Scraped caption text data
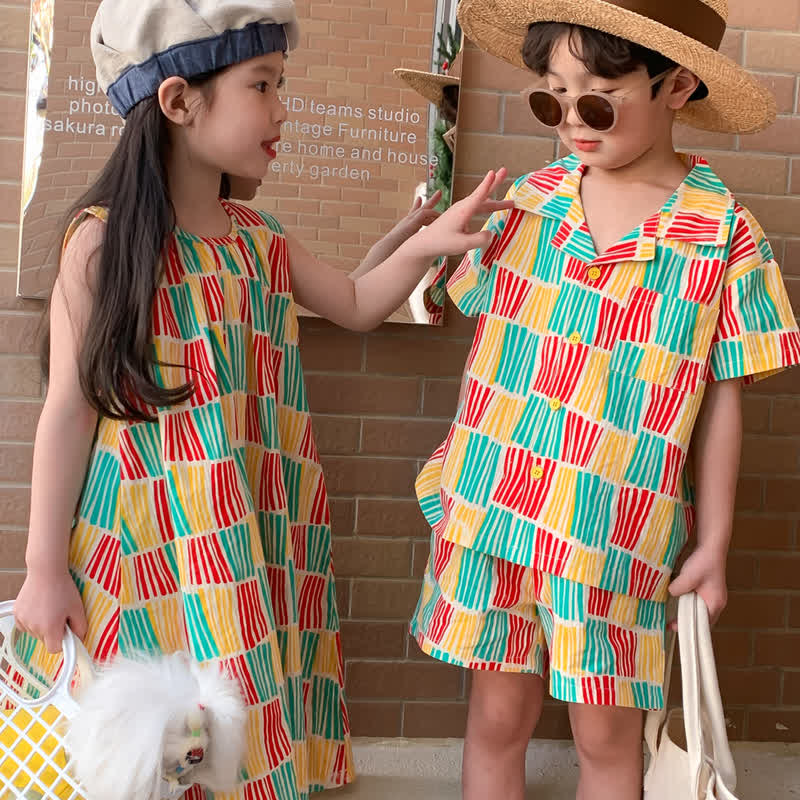 Toddler Color Block Striped Lapel Set Dress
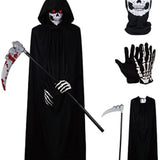 Halloween Grim Reaper Set, Halloween Party Costume Death Demon Devil Cloak Costume Set Mask Cape Gloves Set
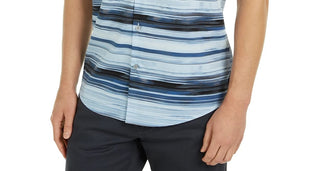 Alfani Men's Classic Fit Stripe Shirt Navy Size Small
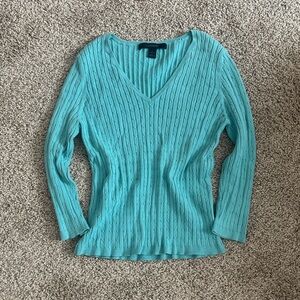 Turquoise V-Neck Cable Knit Sweater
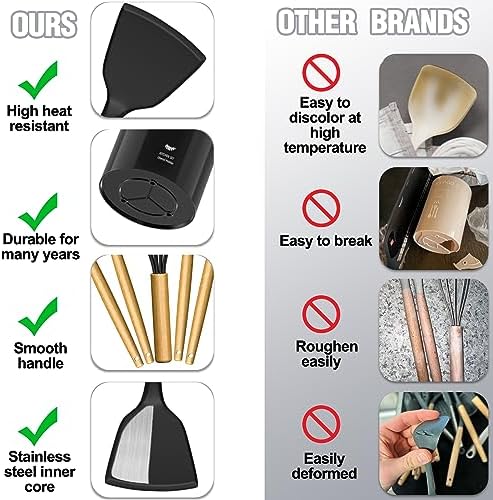 Umite Chef 34-Piece Silicone Utensil Set, Black
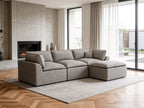 108" Corduroy Modular Sectional Sofa with Ottoman, Boneless Cloud Couch for Living Room, Convertible L-Shape Extra Deep Seat Floor Sofa, Dark Grey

> **WHAT TO DO**: Nothing but the records above, retyped exactly and stripped of images, should appear in the answer.

> **TASK RESULT**:
 Toddler Color Block Striped Lapel Set Dress
 Halloween Grim Reaper Set, Halloween Party Costume Death Demon Devil Cloak Costume Set Mask Cape Gloves Set
 Alfani Men's Classic Fit Stripe Shirt Navy Size Small
 Turquoise V-Neck Cable Knit Sweater
 Umite Chef 34-Piece Silicone Utensil Set, Black
 108" Corduroy Modular Sectional Sofa with Ottoman, Boneless Cloud Couch for Living Room, Convertible L-Shape Extra Deep Seat Floor Sofa, Dark Grey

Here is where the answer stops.